Description
For making spatial joins or overlays, spatial predicates, reading from spatially partitioned datasets, etc more efficient, we can have spatially partitioned dataframes: the bounds of each partition is known, and thus it can be checked based on those bounds whether on operation needs to involve that partition or not.
And then geodataframes can also be re-partitioned to optimize the bounds (minimize the overlap) as much as possible (initial costly shuffle operation, but can pay-off later).

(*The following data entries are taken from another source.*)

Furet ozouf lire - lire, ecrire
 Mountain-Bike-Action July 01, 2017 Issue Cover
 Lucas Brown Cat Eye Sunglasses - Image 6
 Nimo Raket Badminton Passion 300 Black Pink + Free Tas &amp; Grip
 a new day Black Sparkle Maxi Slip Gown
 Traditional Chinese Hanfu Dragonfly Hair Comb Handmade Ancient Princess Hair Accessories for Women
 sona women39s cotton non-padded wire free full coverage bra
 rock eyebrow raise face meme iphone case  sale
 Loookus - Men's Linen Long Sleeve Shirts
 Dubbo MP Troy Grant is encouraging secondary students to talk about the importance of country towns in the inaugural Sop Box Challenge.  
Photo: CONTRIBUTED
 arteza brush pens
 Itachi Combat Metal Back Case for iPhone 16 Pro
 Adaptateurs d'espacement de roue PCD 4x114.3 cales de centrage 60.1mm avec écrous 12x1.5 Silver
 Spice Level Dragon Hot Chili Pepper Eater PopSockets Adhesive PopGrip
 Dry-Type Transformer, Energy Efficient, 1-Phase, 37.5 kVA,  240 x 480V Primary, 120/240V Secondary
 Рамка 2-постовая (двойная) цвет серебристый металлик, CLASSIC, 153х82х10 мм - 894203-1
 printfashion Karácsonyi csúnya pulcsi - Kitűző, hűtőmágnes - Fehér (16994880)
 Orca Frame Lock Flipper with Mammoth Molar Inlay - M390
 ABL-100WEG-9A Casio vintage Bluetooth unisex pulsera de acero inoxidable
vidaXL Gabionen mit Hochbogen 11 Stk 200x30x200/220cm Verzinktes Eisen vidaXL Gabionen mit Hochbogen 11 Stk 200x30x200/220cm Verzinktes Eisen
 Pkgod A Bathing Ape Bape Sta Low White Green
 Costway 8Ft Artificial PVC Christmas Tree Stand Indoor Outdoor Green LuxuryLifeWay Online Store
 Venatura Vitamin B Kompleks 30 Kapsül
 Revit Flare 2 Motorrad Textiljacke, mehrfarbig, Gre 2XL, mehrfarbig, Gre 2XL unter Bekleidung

This complicates the implementation (we need to keep track of the spatial partitioning, the partitions can change during spatial operations, ..), but I think it will also be critical for improving performance on large datasets.
How can we add this?
In the previous iteration at https://github.com/mrocklin/dask-geopandas, the dataframes had an additional _regions
attribute, which was a geopandas.GeoSeries with the "regions" of each partition (so len(regions) == npartitions
).
I think one advantage of using a GeoSeries is that this makes it easy to work with (eg it is easy to check which partitions would intersect with a given geometry).
In spatialpandas
(https://github.com/holoviz/spatialpandas), there is a combo of partition_bounds
and partition_sindex
.
The partition_bounds
is basically the total_bounds
of each partition (so you could see it as the _regions
but limited to a rectangular box and stores as the 4 (minx, miny, maxx, maxy) numbers). And then partition_sindex
is a spatial index built on the partition_bounds
.
See https://github.com/holoviz/spatialpandas/blob/master/spatialpandas/dask.py
I suppose starting with a basic "partition bounds" should be fine, and allows to later expand it with a spatial index or with more fine-grained shapes.